Nesse embate de forças etéreas, ele não só havia vencido, mas também alcançado uma nova compreensão de seus medos mais profundos. Coragem, ele percebeu, não era a falta de medo, mas a determinação de avançar apesar dele.
Com essa nova clareza, a cor azul de sua essência, agora ligeiramente mais clara, brilhava com uma intensidade renovada no céu daquele mundo, um reflexo de sua força de vontade.
Sua linha luminosa, que o conectava ao corpo físico, se expandiu, como se estivesse abrindo um caminho para algo maior, algo além da compreensão imediata. Era uma ponte que o conduzia a um novo horizonte, um caminho que ele sabia que deveria seguir.
Contemplando sua essência renovada, Harley sentiu uma onda de gratidão. Mas o momento de paz foi breve. De repente, uma colossal sombra negra surgiu, cobrindo o céu e ameaçando engolir sua luz azul. A escuridão era opressora, maior e mais avassaladora do que qualquer coisa que ele havia enfrentado até então.

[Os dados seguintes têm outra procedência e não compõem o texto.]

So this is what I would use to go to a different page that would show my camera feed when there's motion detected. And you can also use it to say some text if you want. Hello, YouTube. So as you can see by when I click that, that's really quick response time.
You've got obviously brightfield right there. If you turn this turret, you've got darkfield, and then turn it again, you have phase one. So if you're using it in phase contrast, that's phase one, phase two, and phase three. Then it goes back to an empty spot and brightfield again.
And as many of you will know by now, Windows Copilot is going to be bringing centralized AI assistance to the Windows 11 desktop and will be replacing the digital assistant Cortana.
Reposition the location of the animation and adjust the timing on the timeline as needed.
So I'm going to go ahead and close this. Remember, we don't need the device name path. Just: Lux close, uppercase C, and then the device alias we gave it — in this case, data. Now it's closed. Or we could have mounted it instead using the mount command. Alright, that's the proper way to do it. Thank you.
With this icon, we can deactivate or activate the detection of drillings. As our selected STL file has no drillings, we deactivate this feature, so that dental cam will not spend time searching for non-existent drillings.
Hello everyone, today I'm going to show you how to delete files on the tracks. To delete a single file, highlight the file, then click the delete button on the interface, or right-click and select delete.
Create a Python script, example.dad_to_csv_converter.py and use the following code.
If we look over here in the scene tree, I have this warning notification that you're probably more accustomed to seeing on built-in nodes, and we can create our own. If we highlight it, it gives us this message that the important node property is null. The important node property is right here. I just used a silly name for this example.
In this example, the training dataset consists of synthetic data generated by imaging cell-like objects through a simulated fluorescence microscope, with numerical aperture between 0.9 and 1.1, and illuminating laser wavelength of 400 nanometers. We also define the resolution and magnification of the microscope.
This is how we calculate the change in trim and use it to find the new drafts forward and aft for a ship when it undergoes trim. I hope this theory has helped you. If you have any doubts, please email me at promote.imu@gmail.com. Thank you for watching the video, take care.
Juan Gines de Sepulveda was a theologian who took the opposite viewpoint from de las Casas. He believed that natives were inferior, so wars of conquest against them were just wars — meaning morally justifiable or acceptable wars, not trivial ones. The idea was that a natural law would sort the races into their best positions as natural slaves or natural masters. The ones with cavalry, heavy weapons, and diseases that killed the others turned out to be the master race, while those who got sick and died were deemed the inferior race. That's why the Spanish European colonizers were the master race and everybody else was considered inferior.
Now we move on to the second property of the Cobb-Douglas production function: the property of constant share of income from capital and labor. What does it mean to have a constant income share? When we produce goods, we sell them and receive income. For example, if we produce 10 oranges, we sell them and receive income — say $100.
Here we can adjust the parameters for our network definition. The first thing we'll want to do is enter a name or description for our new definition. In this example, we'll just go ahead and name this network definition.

Harley sabia que não podia lutar contra essa força — pelo menos, não ainda. Não havia glória em enfrentar uma derrota certa. Ele reconheceu que a única opção sensata era recuar.
Hesitante, afastou-se da enorme massa à sua frente. Ele sabia que, eventualmente, o confronto final aconteceria, mas aquele momento ainda não havia chegado. A sombra negra, permaneceu quieta, como se estivesse satisfeita com sua retirada, observando-o de longe.
A luz azul, que naquele mundo era o próprio Harley, brilhava intensamente entendendo que cada passo de recuo era um passo em direção ao fortalecimento, e ele começava a entender que recuar não era um sinal de fraqueza. Pelo contrário, agora via isso como um ato necessário, uma escolha consciente para sobreviver.
Lembranças de momentos passados, cheios de medo, quando ele foi forçado a se esconder ou fugir, invadiram sua mente. Porém, elas agora pareciam menos opressivas, como se o peso dessas lembranças finalmente começasse a ter um menor impacto. Sua luz azul parecia brilhar ainda mais intensamente.
Embora ainda sentisse vergonha, ele reconhecia que havia sabedoria em recuar em vez de se entregar à morte. Harley sabia que, ao adiar o confronto, estava aguardando o momento em que sua vontade de lutar estivesse plenamente alinhada com suas forças e capacidades.
Então aumentando a velocidade e se afastado provisoriamente, cada vez mais da gigantesca massa sombria, ele prosseguiu.